◆ Data for processing:
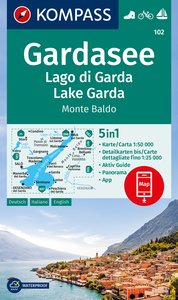 KOMPASS Wanderkarte 102 Gardasee, Lago di Garda, Lake Garda, Monte Baldo 1:50.000. 1:50'000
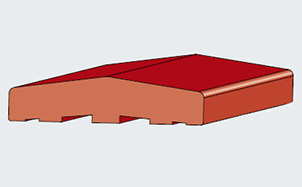 Клинкерный заборный элемент Terca, красный глазурованный, 105x150x30 мм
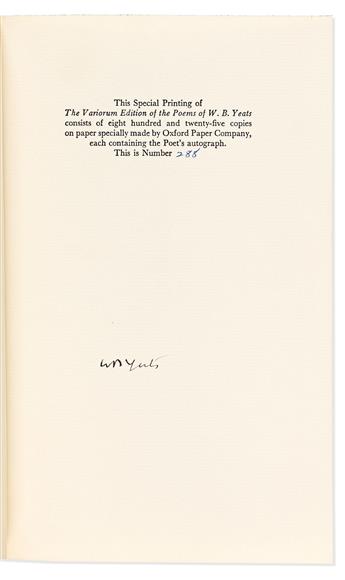 Yeats, William Butler (1865-1939) The Variorum Edition of the Poems of W. B. Yeats.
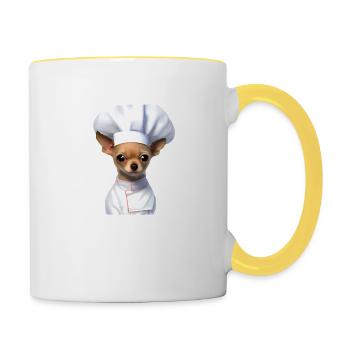 Chihuahua Dog Restaurateur Dogs Chihuahua Puppy - Contrasting Mug - white/yellow - Right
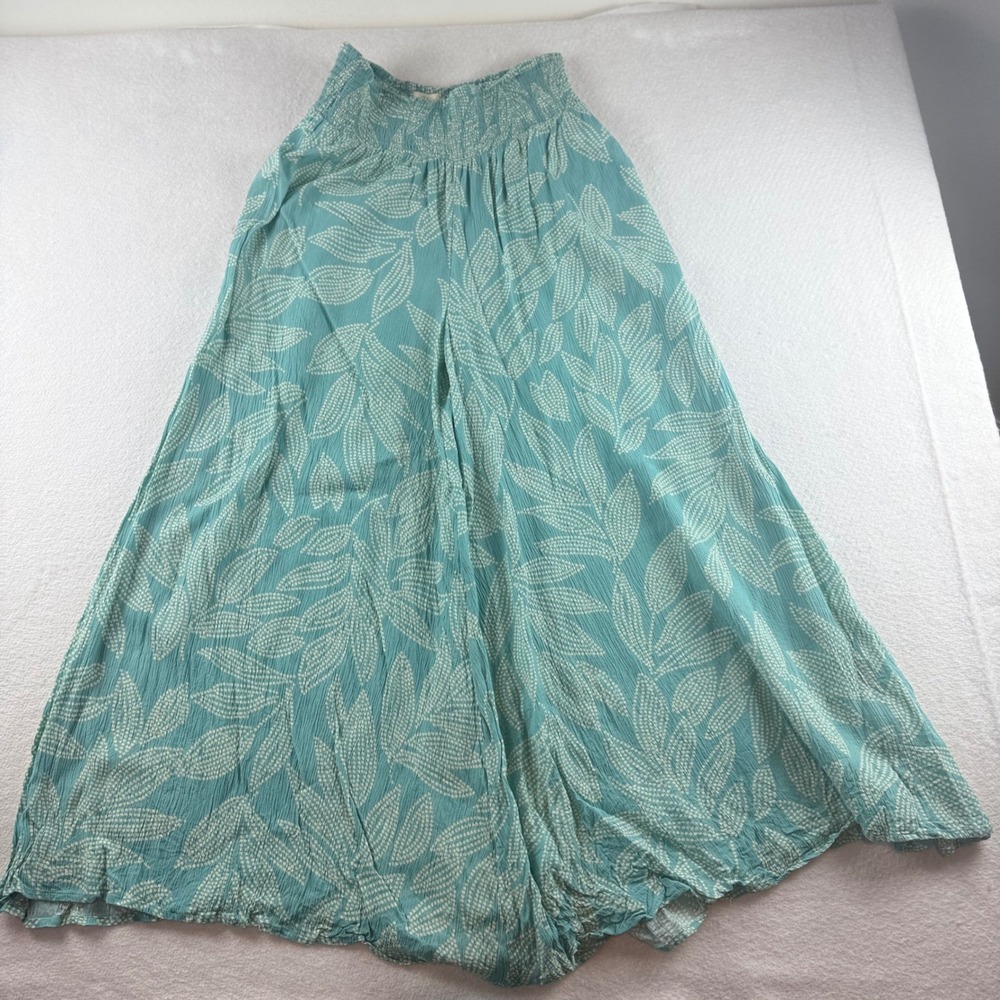 Elan Womens Teal White Leaf Print Smocked Wide Leg Palazzo Pants Size L Gauze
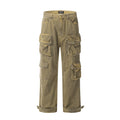 Multi-pocket Design Loose Wide-leg Straight Trousers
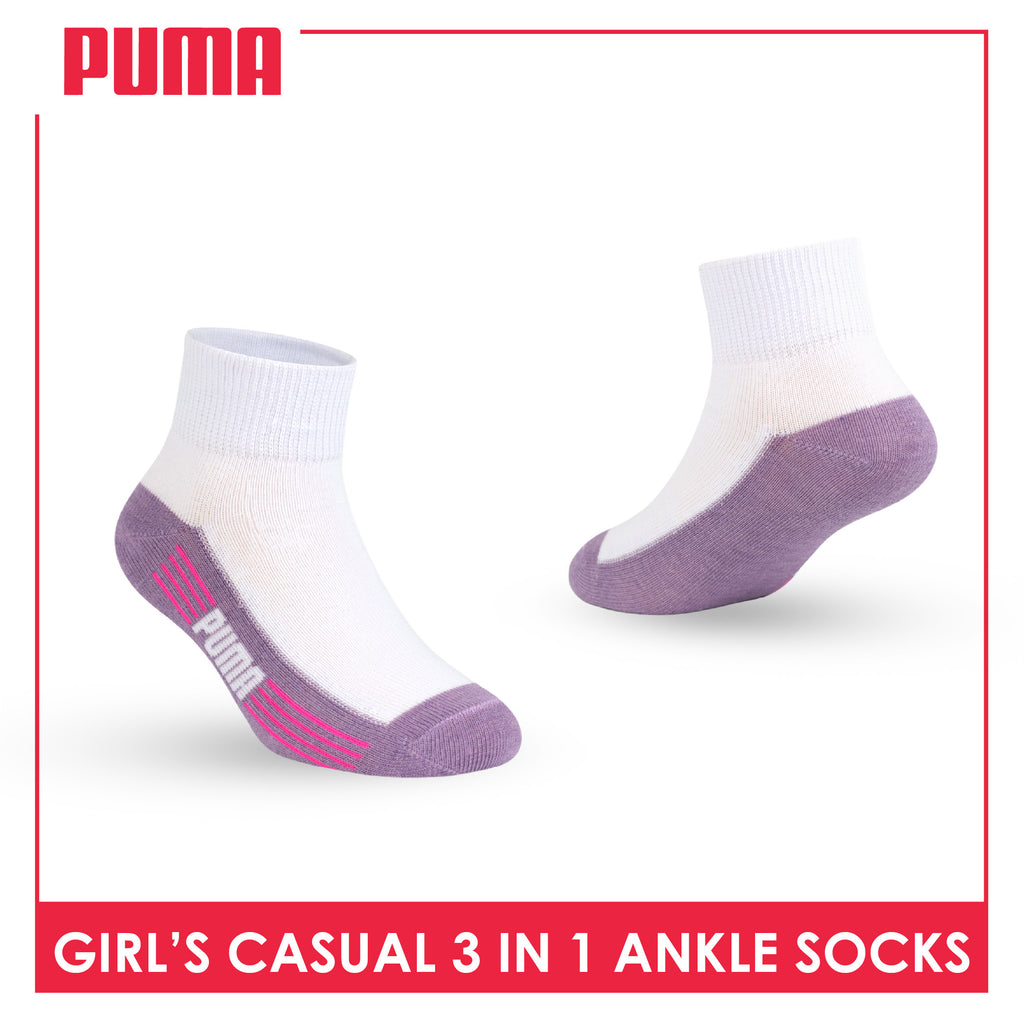 Puma Girls’ Cotton Lite Thin Casual Ankle Socks 3 pairs in a pack PGCKG23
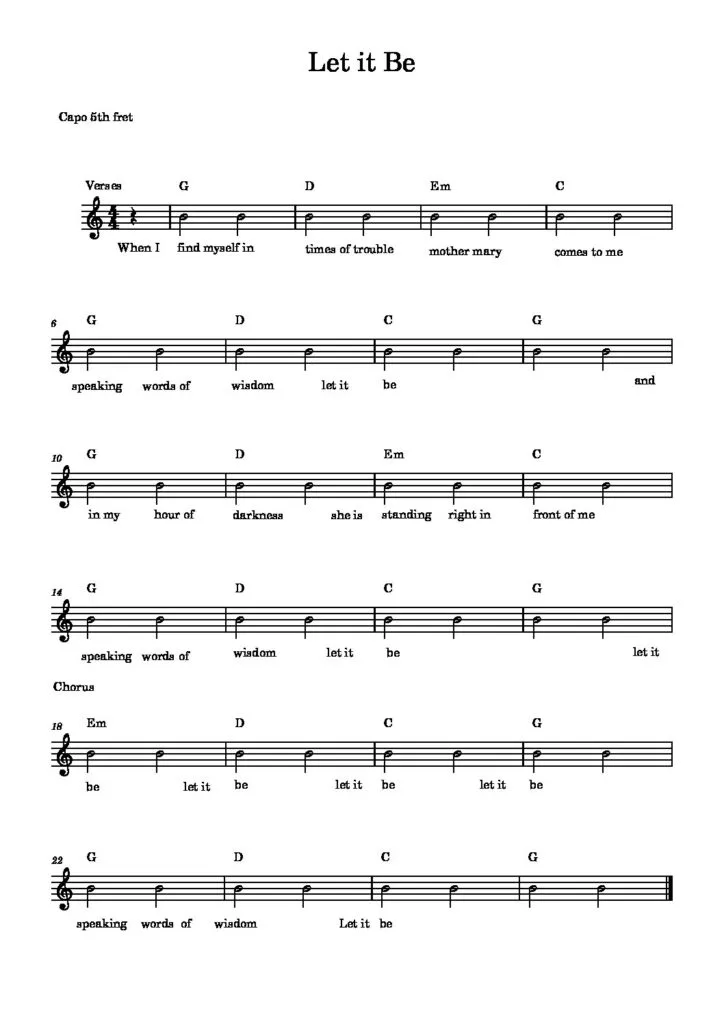 Let it Be easy guitar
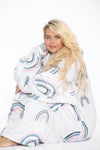 Rainbow Hearts Hoodie Blush Pink - TheHugSnugStore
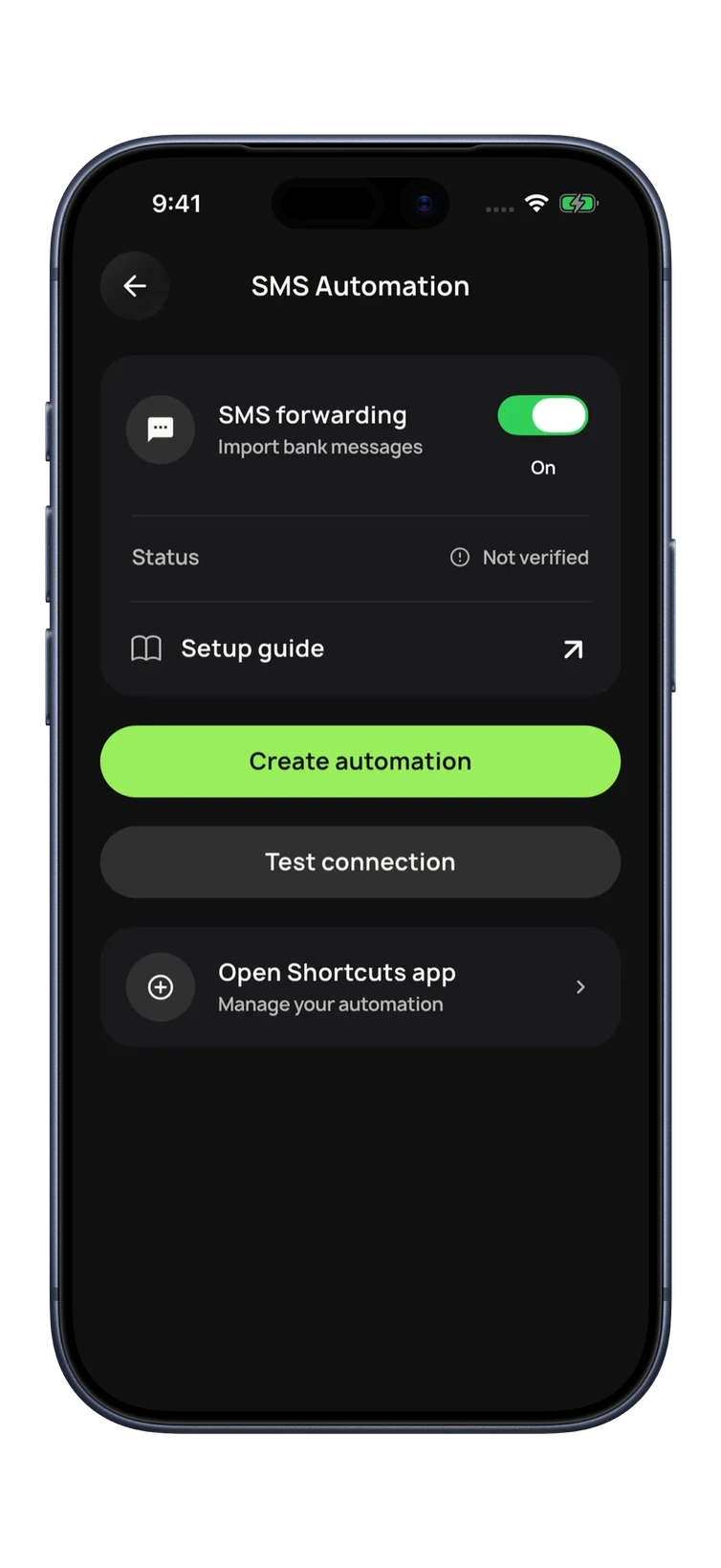 BudgetGo SMS Automation screen with the forwarding toggle, status, and Test connection button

◆ Requirement: Please copy exactly the lines from the one containing "Multi-pocket Design Loose" through the last line of the records above, both included, and leave out any pictures.

◆ Response to this exercise:
 Multi-pocket Design Loose Wide-leg Straight Trousers
 Puma Girls’ Cotton Lite Thin Casual Ankle Socks 3 pairs in a pack PGCKG23
 Let it Be easy guitar
 Rainbow Hearts Hoodie Blush Pink - TheHugSnugStore
 BudgetGo SMS Automation screen with the forwarding toggle, status, and Test connection button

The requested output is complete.